Beyond Jupyter is a collection of self-study materials on software design, with a specific focus on machine learning applications, which demonstrates how sound software design can accelerate both development and experimentation.

The software being developed in machine learning contexts often remains at fairly low levels of abstraction and fails to satisfy well-established standards in software design and software engineering. One could argue that development environments such as Jupyter even actively encourage unstructured design; and we thus deem it necessary to abandon the respective software development patterns and to metaphorically go “beyond Jupyter”.

The goal of the course material is for practitioners to

understand how a principled software design approach supports every aspect of a machine learning project, accelerating both development & experimentation.

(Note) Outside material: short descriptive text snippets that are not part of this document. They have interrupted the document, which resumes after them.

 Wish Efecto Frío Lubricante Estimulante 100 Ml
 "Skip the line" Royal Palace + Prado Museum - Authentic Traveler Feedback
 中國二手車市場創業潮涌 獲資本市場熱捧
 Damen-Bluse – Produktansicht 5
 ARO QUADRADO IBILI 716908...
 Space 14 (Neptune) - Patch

It is a common misconception that good design slows down development, while, in fact, the opposite is true. We showcase the limitations of (unstructured) procedural code and explain how principled design approaches can drastically increase development speed while simultaneously improving the quality of the code along multiple dimensions. We advocate object-oriented design principles, which naturally encourage modularity and map well to real-world concepts in the application domain, be they concrete or abstract. Our overarching goal is to foster

  • maintainability
  • efficiency
  • generality, and
  • reproducibility.

Content

Find our content on GitHub, which covers the following modules:

  1. Object-Oriented Programming: Essentials

    This module explains the core principles of object-oriented programming (OOP), which lay the foundation for subsequent modules.

  2. Guiding Principles

    This module puts forth our set of guiding principles for software development
    in machine learning applications. These principles can critically inform design decisions during development.

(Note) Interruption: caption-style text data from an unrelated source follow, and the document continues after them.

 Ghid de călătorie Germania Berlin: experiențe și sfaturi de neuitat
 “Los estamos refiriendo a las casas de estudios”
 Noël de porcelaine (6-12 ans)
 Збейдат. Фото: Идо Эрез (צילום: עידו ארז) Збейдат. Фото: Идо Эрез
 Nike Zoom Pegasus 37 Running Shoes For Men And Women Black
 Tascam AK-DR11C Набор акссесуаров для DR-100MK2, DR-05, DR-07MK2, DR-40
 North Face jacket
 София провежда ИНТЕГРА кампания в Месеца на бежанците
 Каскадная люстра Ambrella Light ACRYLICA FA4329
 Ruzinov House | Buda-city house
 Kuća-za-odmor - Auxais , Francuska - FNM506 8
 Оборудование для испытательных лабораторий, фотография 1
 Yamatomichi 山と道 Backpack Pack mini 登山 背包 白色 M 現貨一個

  3. Spotify Song Popularity Prediction: A Refactoring Journey

    This module addresses the full journey from a notebook implemented in Jupyter to a highly structured solution that is vastly more flexible, easy to maintain and that strongly facilitates experimentation as well as deployment for production use. We transform the implementation step by step, clearly explaining the benefits achieved and naming the relevant principles being implemented along the way.

  4. Anti-Patterns

    While the rest of the course material focuses on demonstrating positive design patterns, this module collects a number of common anti-patterns.